Farah Khatoon Published 13.05.17, 12:00 AM
The Mother and Child Room at Indian Museum. 
(Chanchal Ghosh)

May 12: Indian Museum has lined up the perfect Mother's Day gift for its visitors - a lactation room where mothers can feed their babies in comfort and privacy.

The 10ftX12ft room situated to the left of the courtyard will be thrown open on Sunday May 14, Mother's Day.

The Mother and Child Room, as it will be called, is the brainchild of Jayanta Sengupta, the director of Indian Museum, and his team. A room that earlier housed a shop has been revamped for the purpose.
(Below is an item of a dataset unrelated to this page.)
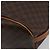 Céline Borsa a tracolla CELINE in tela Macadam PVC Pelle Marrone Oro Auth bs36270 D'oro - vista 17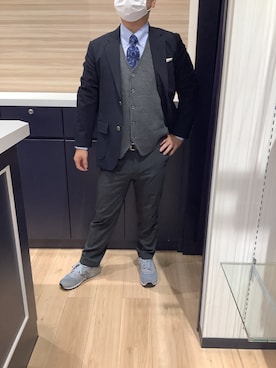 BRICK HOUSE by Tokyo Shirts 久留米ゆめタウン店さん(メンズ・160cm)の秋コーディネート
"We have observed over several months that the absence of any private space in the museum is a cause of inconvenience for mothers who visit the museum with infants. We felt the need to have a discreet space for them to nurse their babies. And Mother's Day seemed the apt occasion to introduce this facility," Sengupta said.

Most international museums such as British Museum, Victoria and Albert Museum and National Gallery in London, Smithsonian Institution National Museum of Natural History in Washington and Field Museum in Chicago boast similar facilities.
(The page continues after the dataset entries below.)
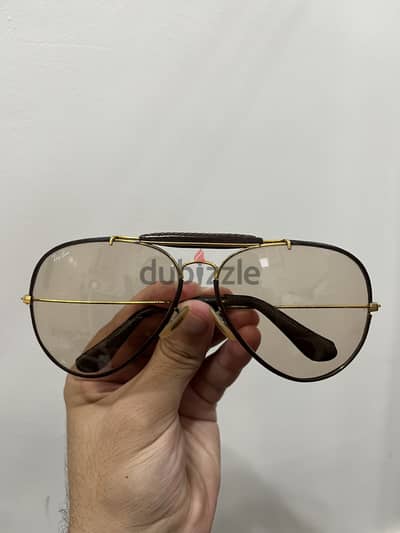 نظارة ريبان أصلية فينتج أمريكي Ray-Ban Outdoorsman B&L USA - حالة ممتا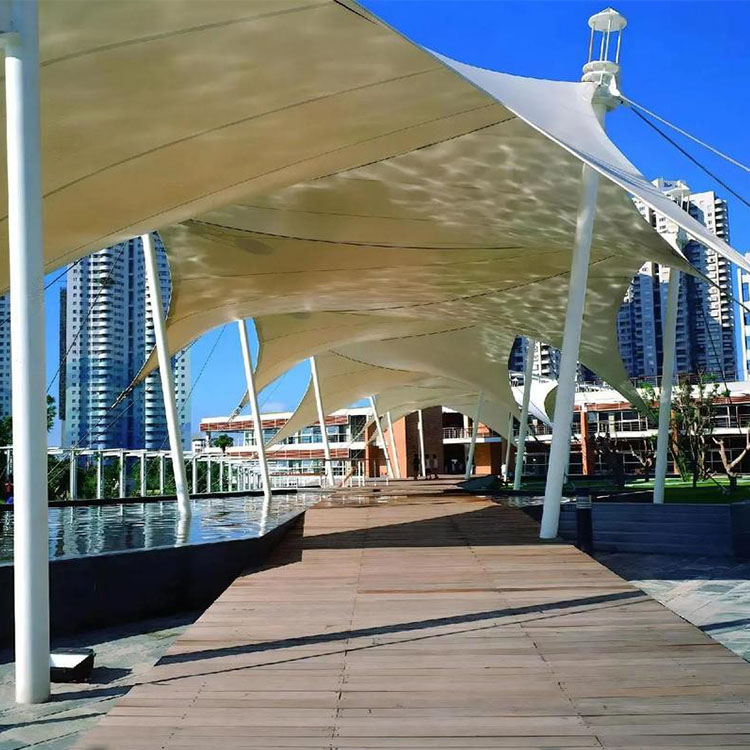 曹县膜结构景观棚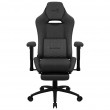 Aerocool ROYALASHBK Premium Ergonomic Gaming Chair Legrests Aeroweave Technology Black Aerocool ROYALASHBK Premium Ergonomic Gaming Chair Legrests Aeroweave Technology Black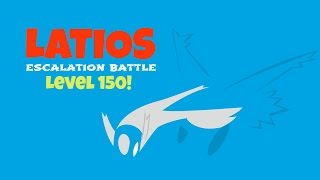 POKÉMON SHUFFLE MOBILE | Latios Level 150! | EB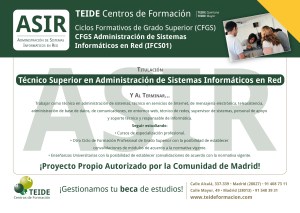 CFGS Administración de Sistemas Informáticos en Red-01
"A lactation room is a necessity. Some female members of our staff have been approached by visitors enquiring about a private space for breastfeeding. There are lactation rooms in most museums in the US but in India, ours is definitely the first museum with the facility," Sengupta said.

The lactation room at Indian Museum will have a female attendant on duty. It will be equipped with comfortable chairs and benches and should be able to accommodate five mothers at a time. With a curtain to guard the door, the room will offer much-needed privacy to nursing mothers.

The facility, though, has been designed keeping visitors, and not museum staff, in mind. "Unlike in the West, new mothers in India rarely take babies to the workplace. Also, the employees have the advantage of using any discreet corner of the museum but such spaces may not be accessible to visitors," the museum director said.

Sayan Bhattacharya, the education officer of the museum, hoped the initiative would ensure "not just a memorable but a comfortable visit to the museum" for lactating mothers. "It is our way of showing respect," he said. The Mother and Child Room will be open during museum hours.